Ketika Tuhan memanggilmu ke Pangkuan Nya datang dan dekaplah dalam hati nuranimu

Kamis, 16 Maret 2017

Shalat (Syaikh Ibnu Athaillah) – Bagian 2 | Suluk

[14] Ketahuilah, setiap shalat yang tidak mencegah dari perbuatan keji dan munkar tidak bisa disebut shalat. Karenanya, dirikanlah shalat disertai kesadaran bahwa jika shalat kita tidak dapat mencegah diri kita dari perbuatan keji dan munkar maka sesungguhnya shalat tersebut tidak diterima di sisi Allah meskipun kewajiban kita telah gugur.

[15] Shalat juga menjadi obat bagi hati agar tidak gelisah dan resah, serta selalu ridha kepada Allah. Sebab, hati orang yang shalat selalu terhubung kepada Allah.

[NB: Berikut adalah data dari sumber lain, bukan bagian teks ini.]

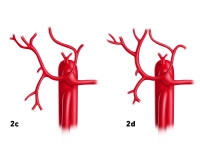 44_LAV_02_c_d_Leberarterie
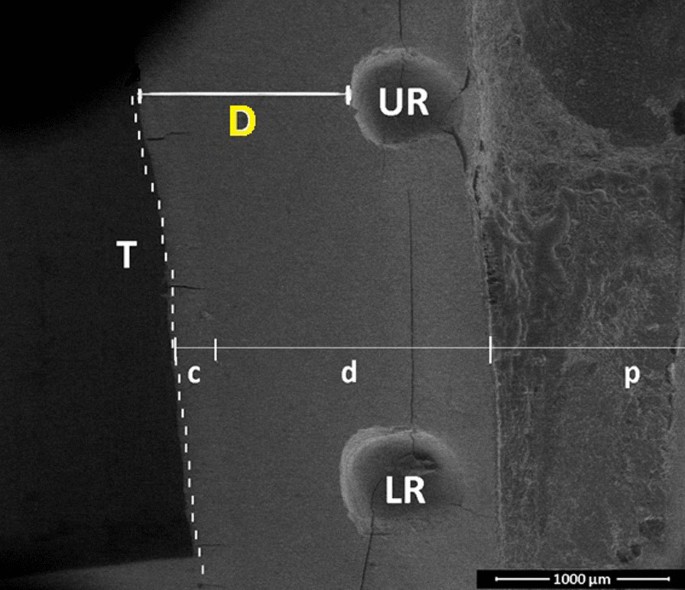 Influence of scaler tip design on root surface roughness, tooth 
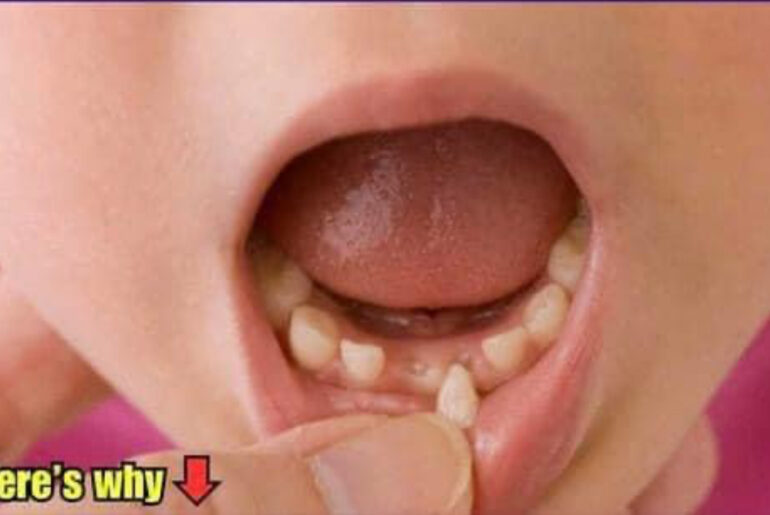 Dear parents, please always keep your children’s baby teeth! This could potentially save their lives in the future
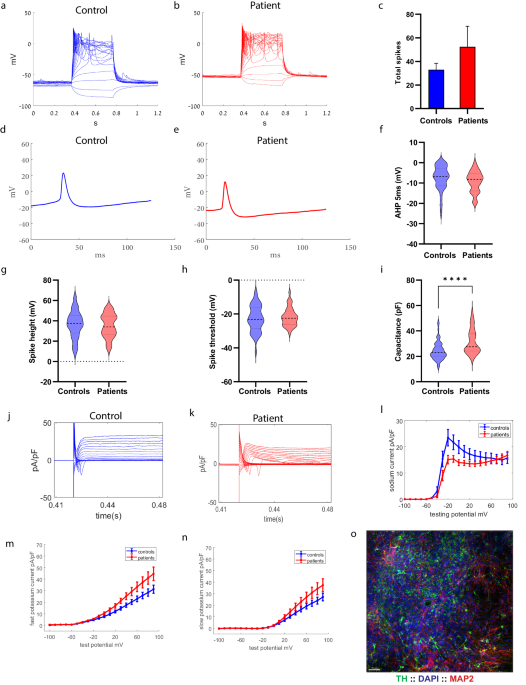 Upregulated ECM genes and increased synaptic activity in Parkinson’s human DA neurons with PINK1/ PRKN mutations - npj Parkinson's Disease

Ia tidak meminta kepada selain Dia, tidak takut kepada selain Dia, serta selalu memuji Allah, saat senang maupun susah.

[16] “Ibnu Athaillah berkata : Perumpamaan orang yang menunaikan shalat tanpa kehadiran hati adalah seperti orang yang menghadiahkan seratus kotak kosong kepada raja. Tentu orang itu pantas dihukum. Sementara, orang yang shalat dengan kehadiran hati adalah seperti orang yang menghadiahkan permata senilai seribu dinar kepada raja. Tentu saja raja akan selalu mengingatnya.”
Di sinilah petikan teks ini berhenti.